“ASSIM VAI O MUNDO E ELE NÃO VAI BEM”
“- O ator viveu seu personagem! Como me emocionei! Era a imitação da vida! Quando chorou, chorei! Quer identificação comigo! A atmosfera era verdadeiramente de magia! etc etc...”
Esta a clássica manifestação do sucesso. Sempre tivemos todas as razões do mundo para achar natural esse teatro aristotélico. A ele, desde sempre, fomos acostumados.
Mas vem um homem: sua obra e pensamento contestam radicalmente essa arte e nos diz, a despeito de todas as traduções, que não devemos entrar a não ser pela metade no espetáculo, de tal maneira que saibamos o que se mostra em vez de sofrermos o que está acontecendo; que o ator exponha essa consciência, criticando seu papel, não o vivendo; que o espectador não se identifique com o herói, pois assim estará mais livre para julgar as causas e encontrar a solução; que a ação não seja imitada, mas demonstrada - o teatro deve cessar de ser mágico para permanecer crítico, o que será a melhor maneira de ser atuante.

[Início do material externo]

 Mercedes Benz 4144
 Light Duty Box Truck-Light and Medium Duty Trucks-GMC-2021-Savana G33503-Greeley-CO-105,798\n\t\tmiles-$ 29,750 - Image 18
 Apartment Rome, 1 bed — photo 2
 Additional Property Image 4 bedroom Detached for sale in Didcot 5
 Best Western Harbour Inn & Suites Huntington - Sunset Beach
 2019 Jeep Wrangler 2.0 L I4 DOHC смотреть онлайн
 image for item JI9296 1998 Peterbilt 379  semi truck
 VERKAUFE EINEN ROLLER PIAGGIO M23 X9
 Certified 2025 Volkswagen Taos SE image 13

Bertolt Brecht abriga-nos, pois, a uma revisão, sem ironia e sem silêncio.
“...Assim vai o mundo e ele não vai bem...” É a frase do Cozinheiro, comentando a canção do sábio Salomão, em Mãe Coragem e é uma constante de Brecht que se manifesta desde o anarquismo vitalizando de Boal até o materialismo dialético do Círculo de Giz Caucasiano.
Na peça que o Arena apresenta, Os Fuzis..., não se elimina o recurso da dramaturgia aristotélica a que o autor recorre, mas é a dramática dialética que funciona. Tudo é perfeitamente lógico. Os acontecimentos vão se sucedendo e nasce uma consciência. Sabemos que em todas as atitudes humanas a ação quase sempre difere da consciência. Mas aqui a conquista de um saber útil e concreto é transmissível, por isso em Mãe Carrar a consciência se transforma em ação.
Brecht quer a crítica social. E, nessa peça, a união do matemático e do poeta explode maravilhosamente contra as forças do fascismo, sem heroismo. Herói, em Brecht, não é o ser alienado, é simplesmente ser o que se é - situação difícil no mundo em que vivemos. É o sujeito e o objeto de uma dialética.
O realismo épico em Mãe Carrar mostra o homem contra o terror. Com a decisão de fazer conscientemente a história, ela liberta-se da passividade das vítimas e não importa, momentaneamente, se sua causa triunfe. A impossibilidade do neutralismo lembra Piscator, quando diz: “Todo collie chinês para ganhar seu pão tem que fazer política internacional”. Brecht é um estudo constante. A Europa o admite como o autor mais significativo do século XX e no Brasil, apesar de ser pouco conhecido, já foi catalogado, com certa graça, de “homem terrível”.
Não se esgota uma obra escrevendo-se num programa. Para nós, a análise de uma peça nunca é completa em um artigo, mas sim no espetáculo.